I really don't see the incompatibility. When you define an MDP, using SARP, you get a discrete random process $X_t$ indexed by t over the state-space S, where the information set at date date t is the cumulative history of all the past events (the filtration is just the set of all possible information sets). This random process has the markov property, that is the distribution of $X_{t+1}$ is characterized by looking at $X_t$. All of this is perfectly consistent and standard. t is time and it is totally ordered. I think whatever we say should be consistent with that.

One issue it that time defined by each markov chain update (each epoch) does not directly match physical time so one might want to replace $t$ by another index that is still totally ordered: $0_spring, 0_summer, 1_spring, ....$. That one is easy.

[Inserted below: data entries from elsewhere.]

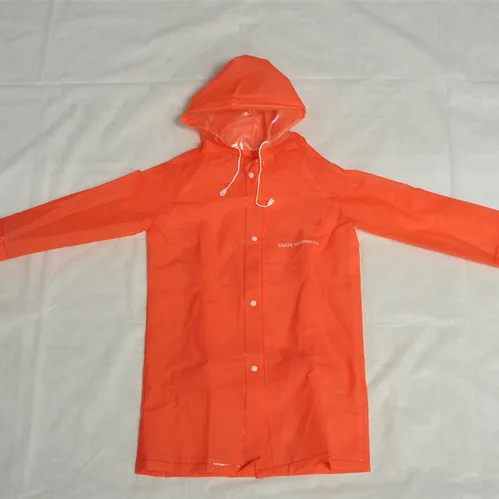 Environmental Friendly high quality orange color EVA custom printed logo raincoat from China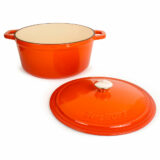 BergHOFF's Neo Cast Iron round stockpot orange lid removed
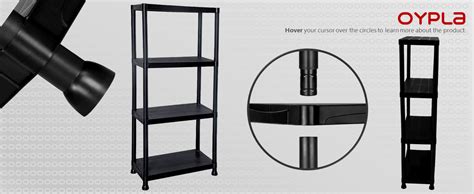 Oypla Tier Black Plastic Heavy Duty Shelving Racking Storage Unit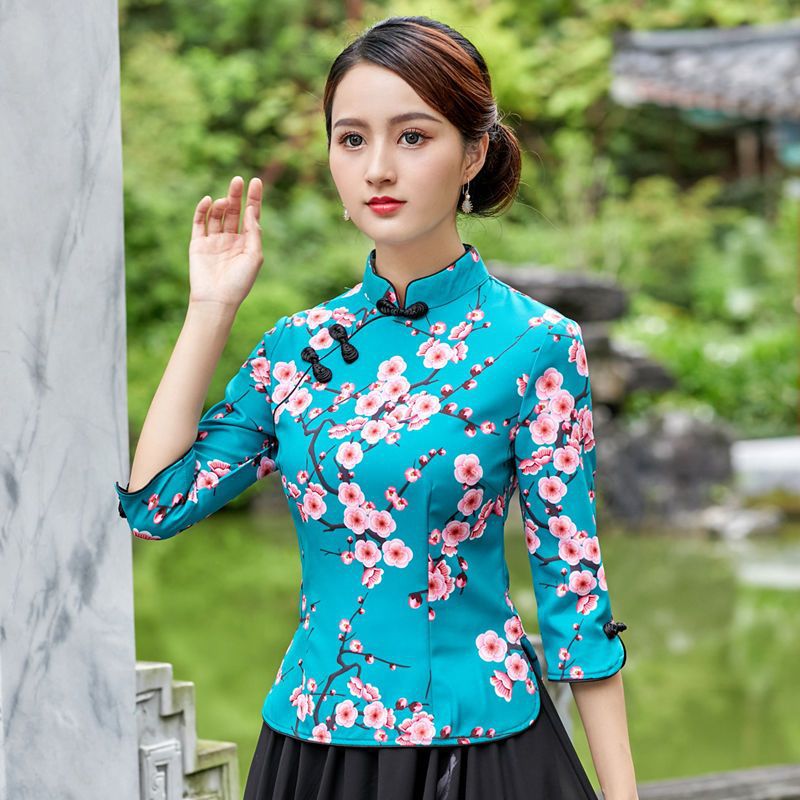 中国风改良旗袍上衣夏季女装新款印花唐装民国风立领中袖修身t恤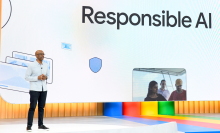 A Google executive standing in front of a slide that says 'responsible AI'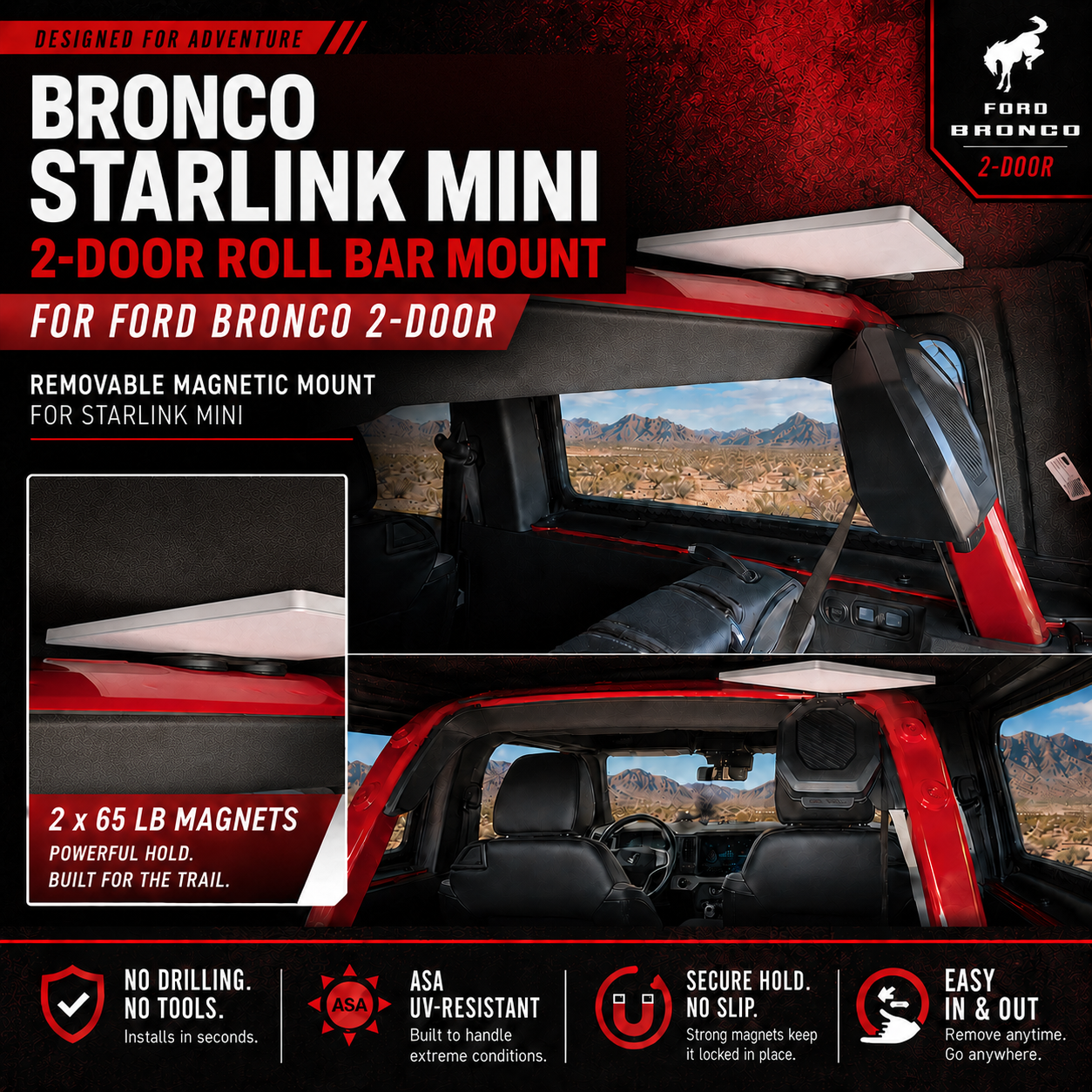 Starlink Mini Roll Bar Mount for 2-Door Ford Bronco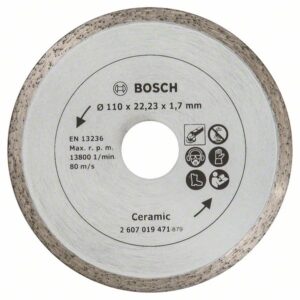 Disc de taiere diamantat pentru placi ceramice, Ø 110 mm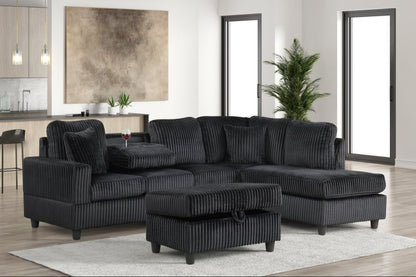 Rocket Onyx Corduroy Reversible Sectional with Drop-Down Table & Storage Ottoman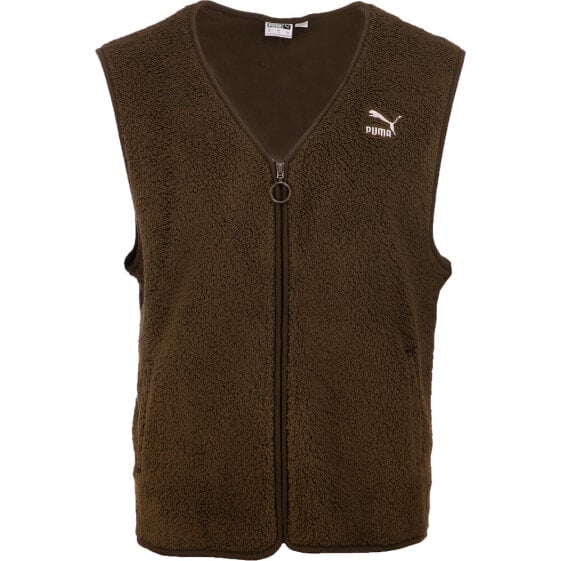 Puma Classics Cozy Club Sherpa Vest Mens Size M Casual Athletic Outerwear 53914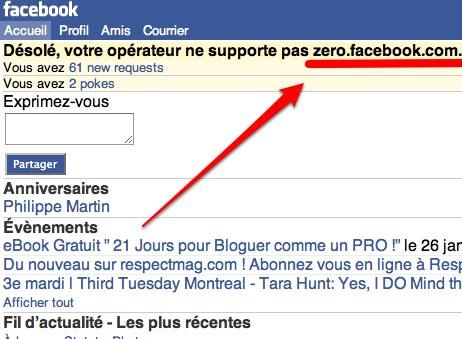 facebook zero Facebook Zero, une version mobile super light!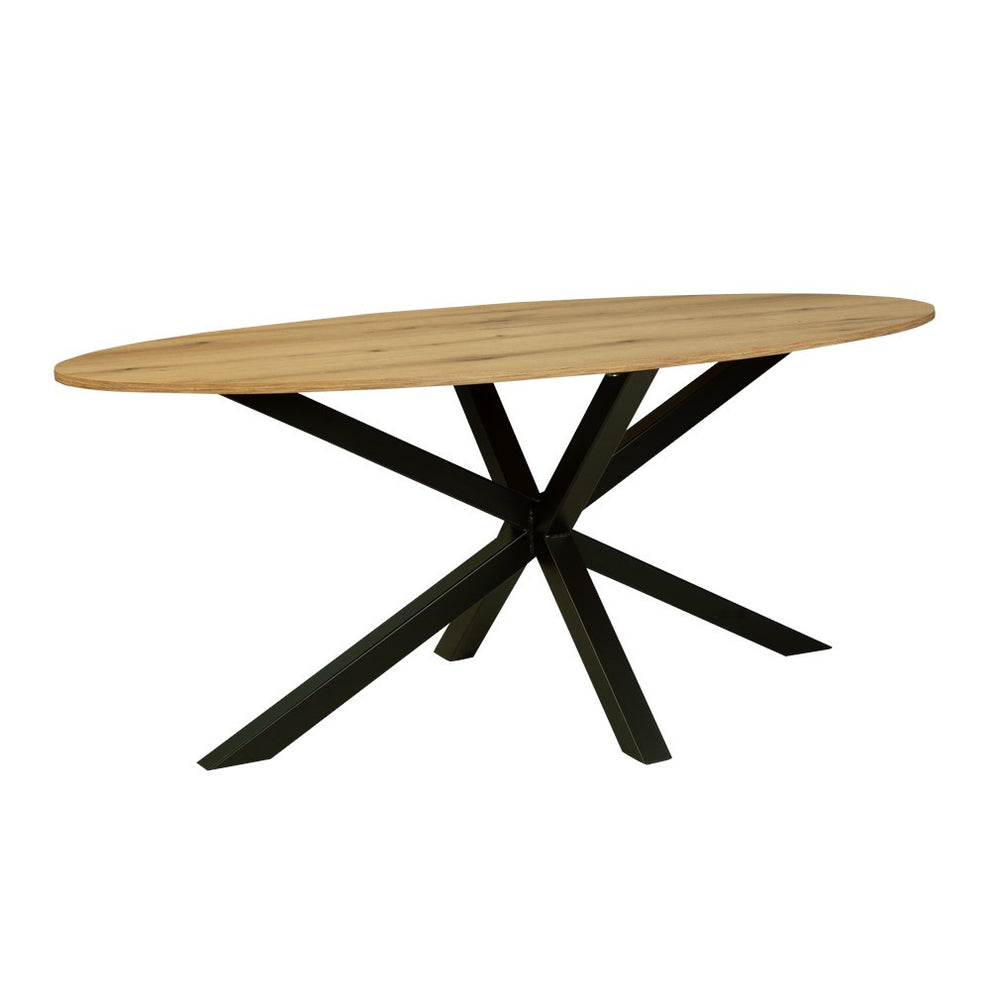 Masa Eliptica Fenix Spider, Picior Metalic, Natur Si Negru, 180 x 90 x 77.8 Cm
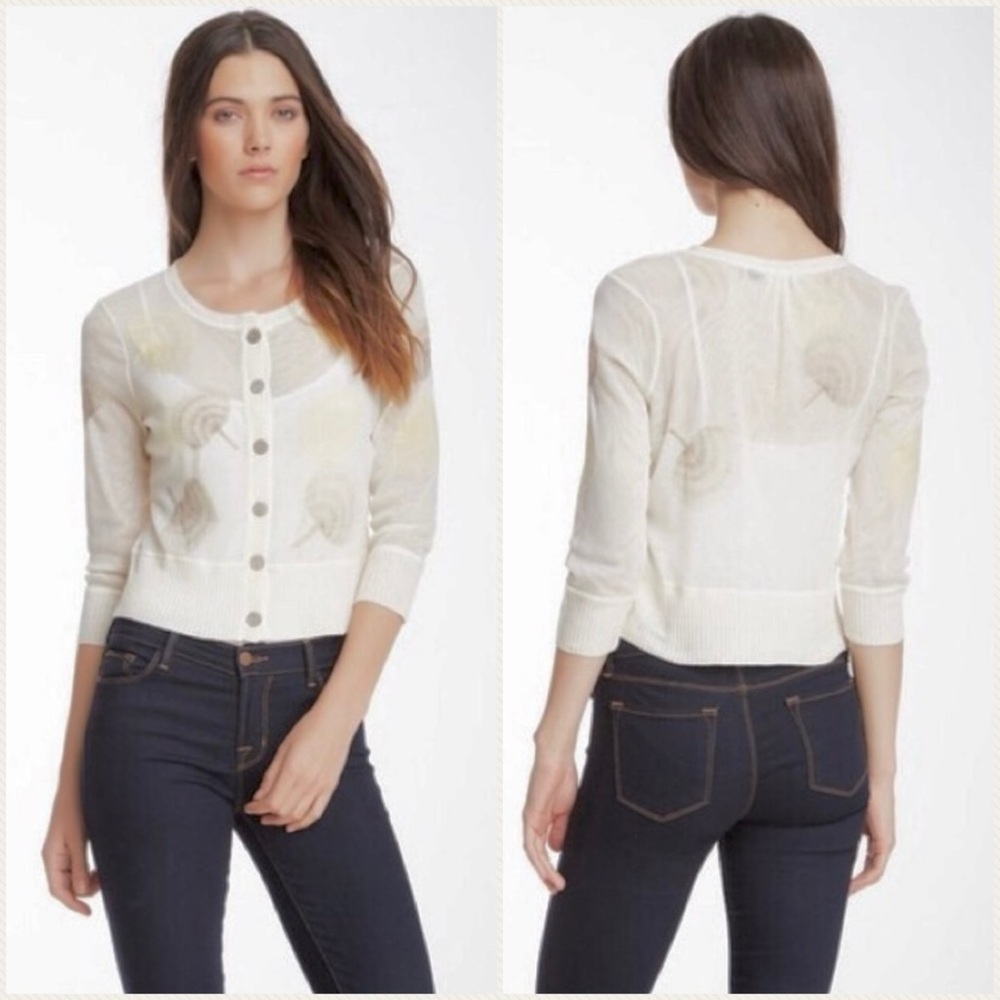 NIC+ZOE Sheer Mesh Linen Blend Ribbed Trim Button Cardigan Women’s Size Large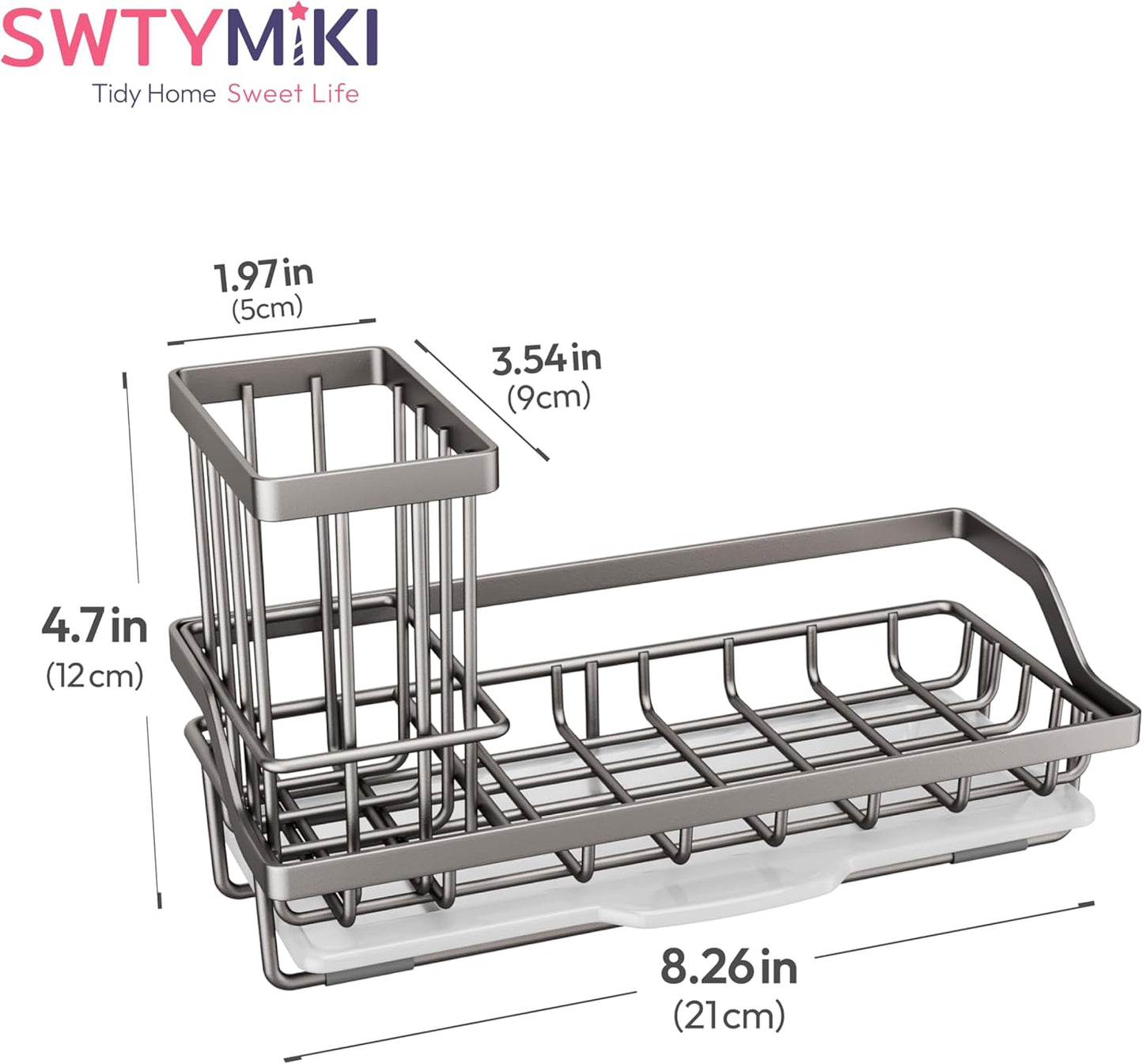 SWTYMIKI Sink Caddy Sponge Holder - Kitchen Sink Organizer with High Brush Holder for Countertop to Hold Dish Soaps and Sponges, Stainless Steel, Black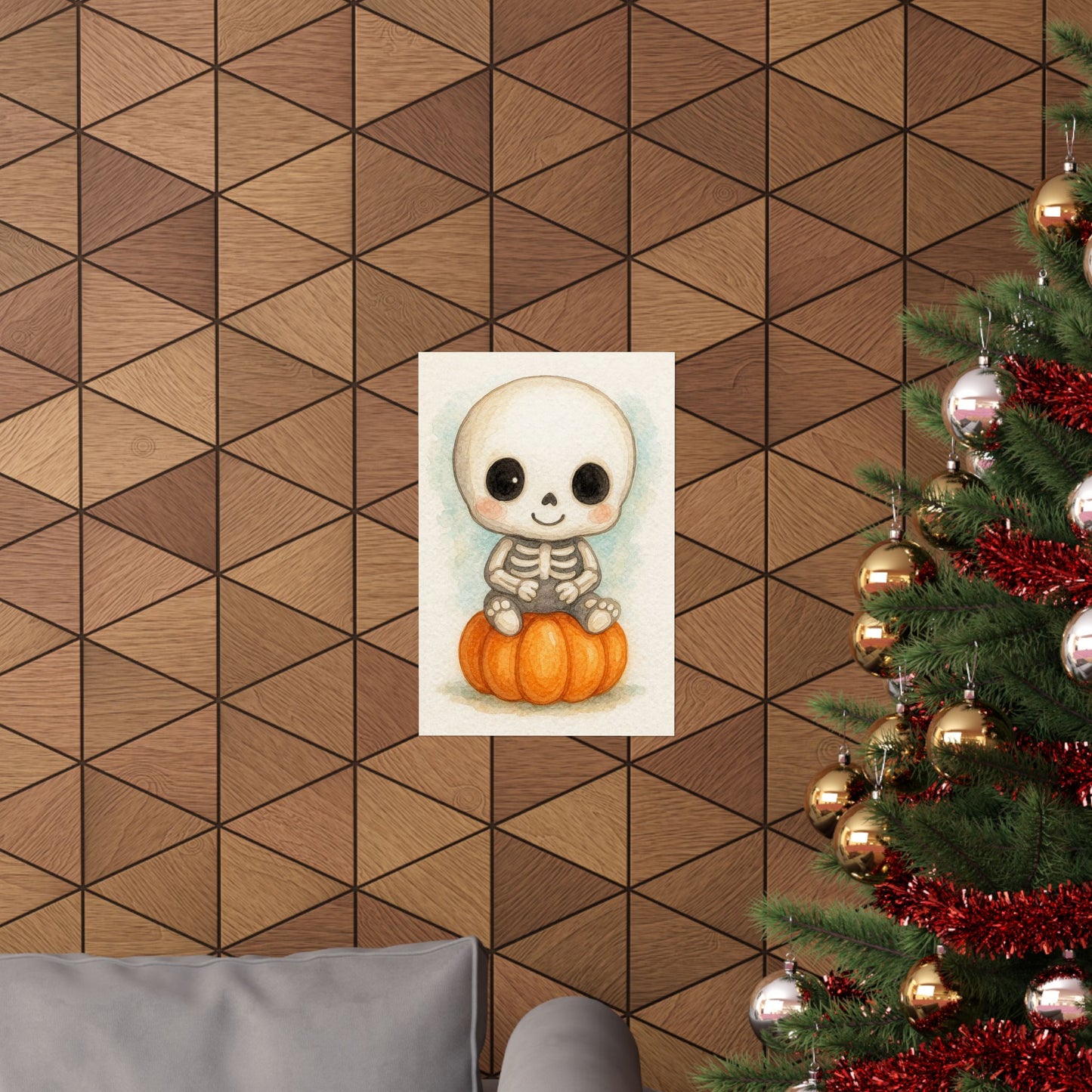 Cute Baby Skeleton Halloween Wall Art Poster – Watercolor Monster Print on Pumpkin – Whimsical Nursery & Holiday Decor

The other problem is that some of our model reformulations are implicitly changing the definition of markov chain. Take the updating equation $m' = (m - c) r$ and assume it represents the true model. I could reformulate it with a additional transition: $a' = m-c$ then $m' = a r$. I can see the result as a markov chain with additional state a, where I need to update the MC twice to arrive to a new value of m starting from an initial m. And yet, I would still like to go from t to t+1 to match the original formulation we need to break the equivalence between a markov chain update and a unit time increment. This is why we need to add another kind of date, and find another name for the "intermediary" state. The set of possible intermediary states is not totally ordered, I agree with that. Suppose there are two choice variables $x_1$ and $x_2$. And I start defining other variables as c$x_1 and b$x_2 which are determined respectively by x_1 and x_2. Which one occurs first ? We don't know and I don't think it's necessarily a bad feature. But that is the very reason while I dislike the term "subperiod" in this context.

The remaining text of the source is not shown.